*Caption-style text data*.

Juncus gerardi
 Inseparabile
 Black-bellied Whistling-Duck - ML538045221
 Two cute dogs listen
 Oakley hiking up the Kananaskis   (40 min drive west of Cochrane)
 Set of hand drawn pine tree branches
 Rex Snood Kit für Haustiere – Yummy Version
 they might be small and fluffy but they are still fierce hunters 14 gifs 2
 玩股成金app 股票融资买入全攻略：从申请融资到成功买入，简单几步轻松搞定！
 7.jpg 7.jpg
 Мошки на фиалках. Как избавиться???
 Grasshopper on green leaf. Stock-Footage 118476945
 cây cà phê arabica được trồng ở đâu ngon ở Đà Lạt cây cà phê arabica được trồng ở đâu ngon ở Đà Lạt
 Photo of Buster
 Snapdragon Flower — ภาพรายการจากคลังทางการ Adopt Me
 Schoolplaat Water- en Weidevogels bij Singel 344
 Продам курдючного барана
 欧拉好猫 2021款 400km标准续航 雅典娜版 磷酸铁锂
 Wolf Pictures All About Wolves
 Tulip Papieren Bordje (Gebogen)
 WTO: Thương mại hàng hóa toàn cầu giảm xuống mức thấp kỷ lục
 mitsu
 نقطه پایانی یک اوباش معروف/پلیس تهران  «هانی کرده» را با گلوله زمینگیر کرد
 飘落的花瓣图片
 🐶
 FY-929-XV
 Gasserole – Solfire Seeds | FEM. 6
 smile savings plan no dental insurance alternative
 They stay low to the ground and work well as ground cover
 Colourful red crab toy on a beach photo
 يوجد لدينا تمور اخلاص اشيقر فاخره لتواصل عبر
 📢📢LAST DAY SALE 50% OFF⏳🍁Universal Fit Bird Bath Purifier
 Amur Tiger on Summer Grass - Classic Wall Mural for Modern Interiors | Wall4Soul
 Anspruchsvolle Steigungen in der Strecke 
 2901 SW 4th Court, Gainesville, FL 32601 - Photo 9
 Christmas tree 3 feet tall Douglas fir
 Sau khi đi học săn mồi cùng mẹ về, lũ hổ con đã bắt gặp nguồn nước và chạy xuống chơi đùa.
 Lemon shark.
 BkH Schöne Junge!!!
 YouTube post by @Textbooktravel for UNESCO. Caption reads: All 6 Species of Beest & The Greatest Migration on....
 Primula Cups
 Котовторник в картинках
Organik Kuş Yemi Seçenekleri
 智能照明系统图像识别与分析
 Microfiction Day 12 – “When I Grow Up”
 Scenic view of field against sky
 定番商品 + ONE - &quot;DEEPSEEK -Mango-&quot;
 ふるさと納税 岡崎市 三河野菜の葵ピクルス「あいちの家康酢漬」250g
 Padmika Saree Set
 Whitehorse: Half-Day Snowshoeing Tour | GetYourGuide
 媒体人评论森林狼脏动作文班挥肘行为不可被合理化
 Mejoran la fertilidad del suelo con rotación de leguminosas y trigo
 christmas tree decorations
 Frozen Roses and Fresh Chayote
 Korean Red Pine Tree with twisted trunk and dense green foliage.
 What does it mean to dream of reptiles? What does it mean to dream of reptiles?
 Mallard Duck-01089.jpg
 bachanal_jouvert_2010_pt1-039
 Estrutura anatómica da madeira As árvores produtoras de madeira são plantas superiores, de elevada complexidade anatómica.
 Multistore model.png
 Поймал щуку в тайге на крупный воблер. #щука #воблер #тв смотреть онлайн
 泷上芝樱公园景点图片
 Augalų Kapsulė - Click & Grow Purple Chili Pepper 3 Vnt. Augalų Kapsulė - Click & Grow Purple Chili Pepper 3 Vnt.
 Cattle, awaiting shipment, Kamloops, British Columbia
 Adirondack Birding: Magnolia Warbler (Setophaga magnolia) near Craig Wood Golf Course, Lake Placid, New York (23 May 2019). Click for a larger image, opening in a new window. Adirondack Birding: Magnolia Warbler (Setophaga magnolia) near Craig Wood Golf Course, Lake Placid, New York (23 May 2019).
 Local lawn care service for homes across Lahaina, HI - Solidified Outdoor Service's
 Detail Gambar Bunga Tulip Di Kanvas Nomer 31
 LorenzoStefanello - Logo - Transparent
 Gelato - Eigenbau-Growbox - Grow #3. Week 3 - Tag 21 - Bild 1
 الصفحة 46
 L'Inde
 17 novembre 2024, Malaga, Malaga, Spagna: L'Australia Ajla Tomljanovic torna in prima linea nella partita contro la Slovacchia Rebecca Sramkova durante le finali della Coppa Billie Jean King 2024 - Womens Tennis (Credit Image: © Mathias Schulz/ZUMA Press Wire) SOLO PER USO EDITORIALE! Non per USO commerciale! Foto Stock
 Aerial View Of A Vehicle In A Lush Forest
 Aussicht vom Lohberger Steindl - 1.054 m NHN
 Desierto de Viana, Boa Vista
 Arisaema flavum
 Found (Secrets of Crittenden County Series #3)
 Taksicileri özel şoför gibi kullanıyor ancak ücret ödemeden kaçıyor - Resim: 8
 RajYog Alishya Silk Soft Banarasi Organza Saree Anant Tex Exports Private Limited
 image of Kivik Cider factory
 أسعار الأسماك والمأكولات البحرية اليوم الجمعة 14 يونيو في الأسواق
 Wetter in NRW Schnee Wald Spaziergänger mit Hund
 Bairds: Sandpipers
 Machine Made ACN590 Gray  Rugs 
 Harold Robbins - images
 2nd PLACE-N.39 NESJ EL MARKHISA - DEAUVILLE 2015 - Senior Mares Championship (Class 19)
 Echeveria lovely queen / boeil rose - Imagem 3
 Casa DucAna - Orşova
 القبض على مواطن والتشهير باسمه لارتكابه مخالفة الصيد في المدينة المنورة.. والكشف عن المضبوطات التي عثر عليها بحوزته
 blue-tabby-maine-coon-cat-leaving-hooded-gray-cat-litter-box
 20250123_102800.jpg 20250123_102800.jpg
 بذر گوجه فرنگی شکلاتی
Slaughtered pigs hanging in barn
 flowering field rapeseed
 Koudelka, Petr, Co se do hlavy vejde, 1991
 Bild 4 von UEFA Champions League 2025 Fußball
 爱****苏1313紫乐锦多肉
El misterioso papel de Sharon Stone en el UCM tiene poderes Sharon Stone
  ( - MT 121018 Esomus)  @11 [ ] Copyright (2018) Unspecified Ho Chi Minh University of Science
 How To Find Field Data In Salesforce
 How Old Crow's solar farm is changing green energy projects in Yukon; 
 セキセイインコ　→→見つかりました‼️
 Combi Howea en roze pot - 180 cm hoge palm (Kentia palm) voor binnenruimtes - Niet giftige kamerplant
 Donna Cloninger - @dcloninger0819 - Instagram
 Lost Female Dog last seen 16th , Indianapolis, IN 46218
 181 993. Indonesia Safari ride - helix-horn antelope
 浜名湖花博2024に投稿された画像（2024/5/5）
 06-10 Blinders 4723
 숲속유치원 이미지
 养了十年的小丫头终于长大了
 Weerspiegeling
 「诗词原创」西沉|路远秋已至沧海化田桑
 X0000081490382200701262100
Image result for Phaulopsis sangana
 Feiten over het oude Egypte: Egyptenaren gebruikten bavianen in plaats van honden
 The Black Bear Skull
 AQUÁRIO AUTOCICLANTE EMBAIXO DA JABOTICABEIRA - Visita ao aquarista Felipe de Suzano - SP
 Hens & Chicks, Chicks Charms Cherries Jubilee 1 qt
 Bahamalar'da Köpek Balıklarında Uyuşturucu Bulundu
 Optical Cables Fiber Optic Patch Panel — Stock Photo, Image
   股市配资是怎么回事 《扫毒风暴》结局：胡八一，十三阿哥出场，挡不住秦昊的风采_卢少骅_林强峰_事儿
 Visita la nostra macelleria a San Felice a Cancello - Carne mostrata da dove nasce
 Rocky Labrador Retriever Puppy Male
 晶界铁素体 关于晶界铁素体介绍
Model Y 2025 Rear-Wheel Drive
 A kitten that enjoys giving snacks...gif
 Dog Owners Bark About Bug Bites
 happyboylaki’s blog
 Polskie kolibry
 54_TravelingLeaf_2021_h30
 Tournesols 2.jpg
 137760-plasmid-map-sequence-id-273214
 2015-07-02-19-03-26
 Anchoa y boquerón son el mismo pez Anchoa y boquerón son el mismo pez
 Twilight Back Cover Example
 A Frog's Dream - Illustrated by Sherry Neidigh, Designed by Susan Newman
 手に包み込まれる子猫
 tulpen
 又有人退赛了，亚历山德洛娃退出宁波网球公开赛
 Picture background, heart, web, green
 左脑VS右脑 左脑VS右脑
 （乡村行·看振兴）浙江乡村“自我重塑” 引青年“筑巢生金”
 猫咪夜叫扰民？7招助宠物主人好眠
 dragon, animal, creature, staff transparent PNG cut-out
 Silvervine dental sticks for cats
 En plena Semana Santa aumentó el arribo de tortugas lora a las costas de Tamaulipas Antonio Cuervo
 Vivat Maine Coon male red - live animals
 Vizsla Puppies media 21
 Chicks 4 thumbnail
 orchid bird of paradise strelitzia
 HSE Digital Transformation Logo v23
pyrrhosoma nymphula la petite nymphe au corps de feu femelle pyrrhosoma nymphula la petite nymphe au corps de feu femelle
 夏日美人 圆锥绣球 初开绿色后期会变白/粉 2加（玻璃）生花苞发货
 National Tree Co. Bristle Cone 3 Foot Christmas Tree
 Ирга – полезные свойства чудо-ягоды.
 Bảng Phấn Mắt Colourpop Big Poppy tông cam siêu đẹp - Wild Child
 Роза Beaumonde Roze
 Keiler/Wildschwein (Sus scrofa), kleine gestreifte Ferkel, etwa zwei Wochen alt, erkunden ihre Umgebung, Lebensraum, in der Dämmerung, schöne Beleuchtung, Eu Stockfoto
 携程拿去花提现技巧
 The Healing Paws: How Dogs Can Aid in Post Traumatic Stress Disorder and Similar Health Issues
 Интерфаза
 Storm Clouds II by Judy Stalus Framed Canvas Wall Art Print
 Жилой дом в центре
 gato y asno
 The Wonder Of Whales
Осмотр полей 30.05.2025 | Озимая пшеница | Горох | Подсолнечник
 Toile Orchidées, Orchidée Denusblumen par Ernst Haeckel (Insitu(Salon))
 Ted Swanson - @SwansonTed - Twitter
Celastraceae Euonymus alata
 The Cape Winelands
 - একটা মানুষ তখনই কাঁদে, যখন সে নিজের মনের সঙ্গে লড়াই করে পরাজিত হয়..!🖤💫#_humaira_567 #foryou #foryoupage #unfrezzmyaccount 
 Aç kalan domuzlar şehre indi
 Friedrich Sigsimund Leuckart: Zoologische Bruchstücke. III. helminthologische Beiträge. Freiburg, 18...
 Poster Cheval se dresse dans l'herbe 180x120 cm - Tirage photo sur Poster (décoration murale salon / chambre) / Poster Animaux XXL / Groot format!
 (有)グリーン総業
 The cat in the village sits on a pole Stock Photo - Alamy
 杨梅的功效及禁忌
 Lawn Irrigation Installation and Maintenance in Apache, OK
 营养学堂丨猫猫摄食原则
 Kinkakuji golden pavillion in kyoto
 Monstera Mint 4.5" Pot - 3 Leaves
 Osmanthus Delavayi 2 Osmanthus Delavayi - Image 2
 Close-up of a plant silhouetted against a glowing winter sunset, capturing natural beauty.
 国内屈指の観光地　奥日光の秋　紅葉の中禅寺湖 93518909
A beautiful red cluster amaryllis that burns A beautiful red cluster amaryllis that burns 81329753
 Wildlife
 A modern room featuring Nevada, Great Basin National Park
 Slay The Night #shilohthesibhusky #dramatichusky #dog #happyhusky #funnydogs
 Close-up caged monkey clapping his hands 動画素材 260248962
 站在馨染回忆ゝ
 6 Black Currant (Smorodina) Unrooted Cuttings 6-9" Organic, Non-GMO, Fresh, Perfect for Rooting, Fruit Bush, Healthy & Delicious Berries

*Your task*.
Nothing but the lines above from the one containing "Microfiction Day 12" through the one containing "image of Kivik Cider factory" should appear in the answer, each repeated exactly.

*Solution to this exercise*.
 Microfiction Day 12 – “When I Grow Up”
 Scenic view of field against sky
 定番商品 + ONE - &quot;DEEPSEEK -Mango-&quot;
 ふるさと納税 岡崎市 三河野菜の葵ピクルス「あいちの家康酢漬」250g
 Padmika Saree Set
 Whitehorse: Half-Day Snowshoeing Tour | GetYourGuide
 媒体人评论森林狼脏动作文班挥肘行为不可被合理化
 Mejoran la fertilidad del suelo con rotación de leguminosas y trigo
 christmas tree decorations
 Frozen Roses and Fresh Chayote
 Korean Red Pine Tree with twisted trunk and dense green foliage.
 What does it mean to dream of reptiles? What does it mean to dream of reptiles?
 Mallard Duck-01089.jpg
 bachanal_jouvert_2010_pt1-039
 Estrutura anatómica da madeira As árvores produtoras de madeira são plantas superiores, de elevada complexidade anatómica.
 Multistore model.png
 Поймал щуку в тайге на крупный воблер. #щука #воблер #тв смотреть онлайн
 泷上芝樱公园景点图片
 Augalų Kapsulė - Click & Grow Purple Chili Pepper 3 Vnt. Augalų Kapsulė - Click & Grow Purple Chili Pepper 3 Vnt.
 Cattle, awaiting shipment, Kamloops, British Columbia
 Adirondack Birding: Magnolia Warbler (Setophaga magnolia) near Craig Wood Golf Course, Lake Placid, New York (23 May 2019). Click for a larger image, opening in a new window. Adirondack Birding: Magnolia Warbler (Setophaga magnolia) near Craig Wood Golf Course, Lake Placid, New York (23 May 2019).
 Local lawn care service for homes across Lahaina, HI - Solidified Outdoor Service's
 Detail Gambar Bunga Tulip Di Kanvas Nomer 31
 LorenzoStefanello - Logo - Transparent
 Gelato - Eigenbau-Growbox - Grow #3. Week 3 - Tag 21 - Bild 1
 الصفحة 46
 L'Inde
 17 novembre 2024, Malaga, Malaga, Spagna: L'Australia Ajla Tomljanovic torna in prima linea nella partita contro la Slovacchia Rebecca Sramkova durante le finali della Coppa Billie Jean King 2024 - Womens Tennis (Credit Image: © Mathias Schulz/ZUMA Press Wire) SOLO PER USO EDITORIALE! Non per USO commerciale! Foto Stock
 Aerial View Of A Vehicle In A Lush Forest
 Aussicht vom Lohberger Steindl - 1.054 m NHN
 Desierto de Viana, Boa Vista
 Arisaema flavum
 Found (Secrets of Crittenden County Series #3)
 Taksicileri özel şoför gibi kullanıyor ancak ücret ödemeden kaçıyor - Resim: 8
 RajYog Alishya Silk Soft Banarasi Organza Saree Anant Tex Exports Private Limited
 image of Kivik Cider factory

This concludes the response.